The on-going Al Qeada activities in Saudi Arabia have increased its discomfiture. All this are anchored in the objective reality of Richard Cheney report, Vice President, National Energy Policy Development Group which revealed a growing demand for oil and gas in the US which see it increase its oil import by about 50% by 2020. This will see the US importing two of every three-barrel of oil that it will require. The only way to guarantee this is by looking abroad. Failure to meet this projection amount to real threat to US national security. So the diversity plan centres on the Caspian Sea area, Latin America and Africa, especially West Africa, whose deposit, light sweet crude is cost effective for being easy to refine or as the US Department of Energy puts it, "Taylor-made for US East Coast markets." Currently, Nigeria oil constitutes about 9.7 % of US imports and certainly covets Nigeria's estimated 22.5 billion barrels of crude reserve. Its concerns in Nigeria include ExxonMobil and Chevron Texaco; both are also operating in Angola; in Equatorial Guinea ExxonMobil, Marathon Oil, Amerada Hess, and Ocean Energy dominate the oil production and its allied activities; in Sudan, it is currently trouble-shooting in order to take over oil production there. In the face of this national security problematic, security has dominated all of US transactions with virtually all-African countries. Sao Tome has conceded to it the space to build so-called deep-water port while it is discussing airfield access agreement with another Nigeria's next door neighbour, Benin Republic.

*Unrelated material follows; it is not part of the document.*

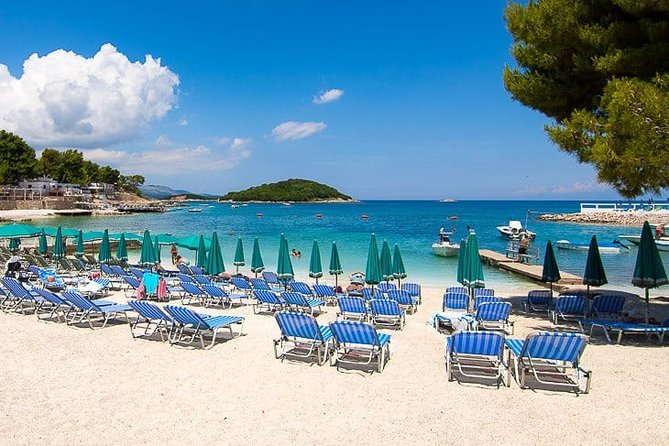 Daytour •Butrint~Ksamil - Accessibility Information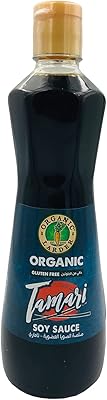 Biological Tamari soybean pantry sauce, 500 ml.. DIAYTAR NIGERIA delivers affordability and convenience with every purchase, shipped within the week.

It was not surprising when the NATO Supreme Commander, US General James Jones admitted that US plan to boost its troops presence in Africa. And Theresa Whelan, the Director of Pentagon's Office of African Affairs drove the point home when she said that the US has security concern over off-shore oil. Diplomats generally believed that the deployment of its battle group carrier to the Gulf of Guinea is dress rehearsal for US military involvement in the region. The broad implication of this is that by the roll call, all Sub-Saharan African countries will become US satellites and dependants without sovereignty. Once the US has its boot on the ground in Africa, the region will witness a replay of the dynamics in the Persian Gulf. The prospect is best imagined than experienced. Of great importance is the word employed by General Jones to the effect that they would be enhancing their operations in the ungoverned regions of Africa is indicative of US colonial design, which must be vehemently resisted. This design is not only against Nigeria's national interest but also the destiny of the blackman as this may well be the beginning of the second transatlantic slavery. Nigerian state actors need to heed the words of Eric Margolis, author of War at the Top of the World- The Struggle for Afghanistan, Kashmir and Tibet, that where geopolitics and oil are the issues, there are no friends, only competitors and enemies. What is to be done?

My recommendations are as follows: Nigerian government needs to repudiate all forms of subservient and compromising agreements it may have entered with the US, especially under the Obasanjo Administration; Nigerian oil should be open to all manners of honest buyers; the Nigerian army and the government should make it clear that we will not tolerate pax Americana in our backyard. A constructive and quiet diplomacy should immediately be adopted to engage with our neighbours, especially, Sao Tome and Benin Republic that Nigeria will not countenance any form of agreement with any power that undermines our security. The issue of the US threat to Nigeria and African security in general should be top on the agenda of the next AU summit. Above all, the popular groups in Nigeria including labour need to embark on an immediate protest. It is imperative as it took such actions to forestall the Anglo-Nigerian Defence Pact in the 1960s.

Before we all find ourselves dishonourable graves, my clarion to all Nigerian patriots: your country needs you. q Akhaine is with the Department of Social & Political Science, Royal Holloway, University of London.